= Heritage Key =

Heritage Key was a content-oriented online community aimed at those with an interest in history and culture. It featured both media resources and an interactive experience.

Available content included podcasts, streaming videos, news articles, interviews, discussion groups and blogs. The content was often created in conjunction with archaeologists and historians, such as the Egyptologist Dr Zahi Hawass and John Julius Norwich. Heritage Key combined this content with an online 3D virtual experience, or virtual world, that recreated artifacts and archaeological sites.

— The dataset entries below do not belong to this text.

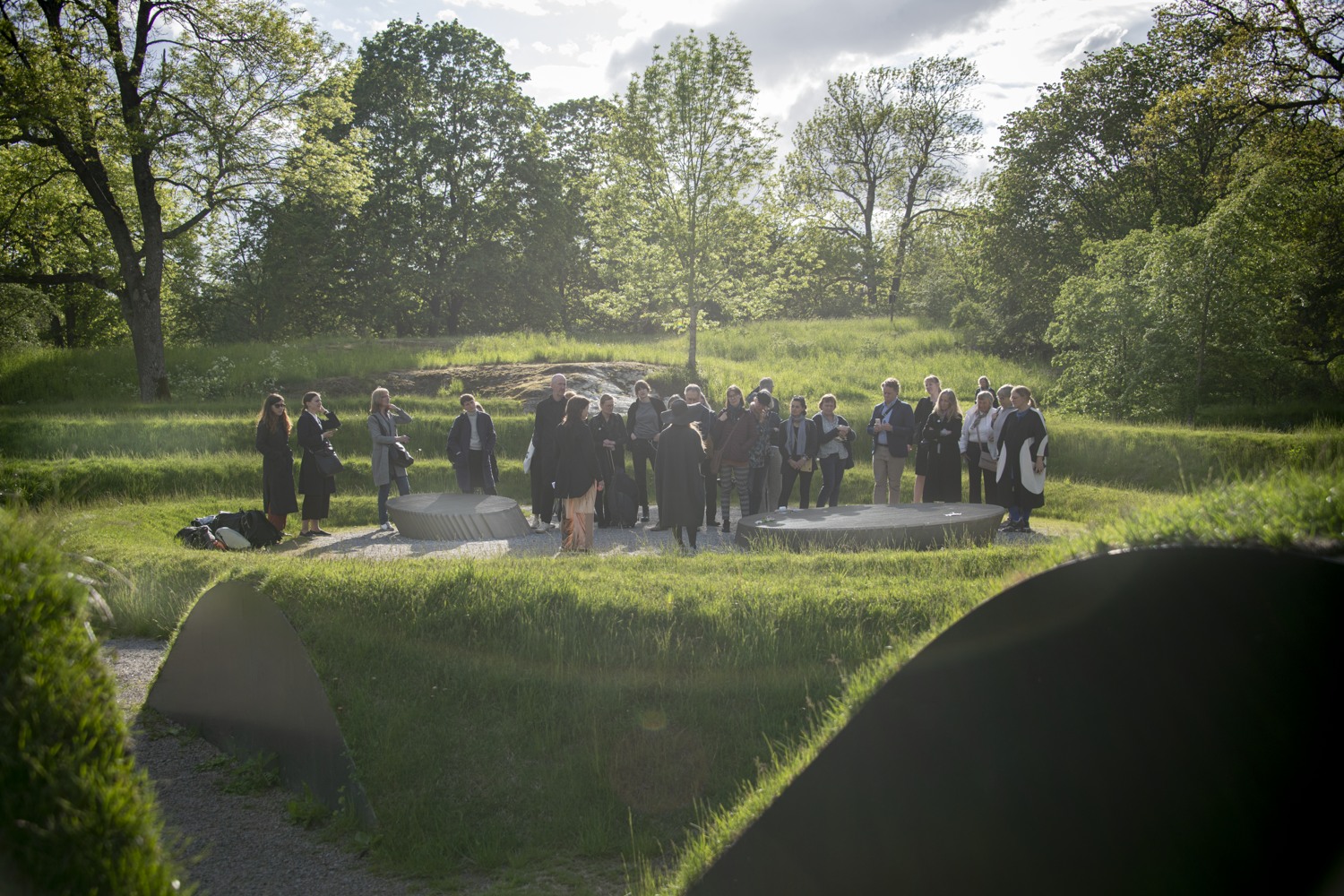 En gruppmänniskor står i grönska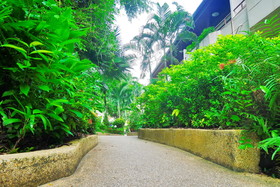 Swiss Palm Beach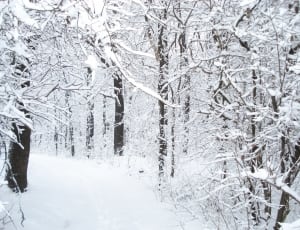 trees covered with snow thumbnail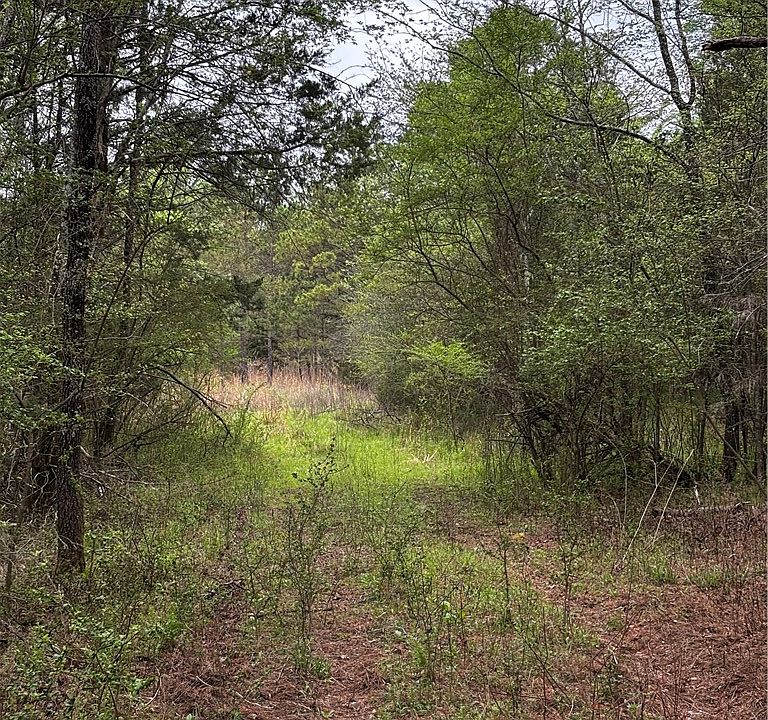 2nd image of White Oak Rd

==The Virtual Experience==
The Heritage Key Virtual Experience (VX) allowed users to explore virtual reconstructions of historical sites from around the world. Users navigated through these virtual worlds by creating avatars, enabling them to interact with each other and to explore in groups.

All artefacts and historical sites were reproduced in 3D modelling applications using measurements and photographs of the actual sites and artefacts.

Digital content creation was handled by Rezzable, a London-based team of digital artists.

==Open source approach==
Heritage Key used a range of open source software, including content management system, Drupal, and online 3D simulation software, OpenSimulator.

==Content delivery==
Heritage Key used a variety of existing social media platforms for sharing and viewing content, including Twitter, Flickr, Facebook, instant messaging and RSS feeds.

User-generated content was also accepted through the sharing of photos via Flickr, posting blog entries or helping to create some of the digital items in the VX.

==Potential in education==
Heritage Key also acted as a Virtual Learning Environment.
Educational institutions could use Heritage Key to develop experiences for their students inside the virtual world. Teachers could select content and choose how to deliver it in the most appropriate way. The Heritage Key VX supported real-time communication through messaging and live conversations via Skype.

==Virtual tourism==
Three-dimensional virtual tourism allows travellers to see and explore virtual reality environments for the purpose of experiencing physical places in space and time without physically traveling there.

Heritage Key’s VX provided an environment where travelers could explore historic sites, meet and interact online and share advice or recommendations for potential destinations.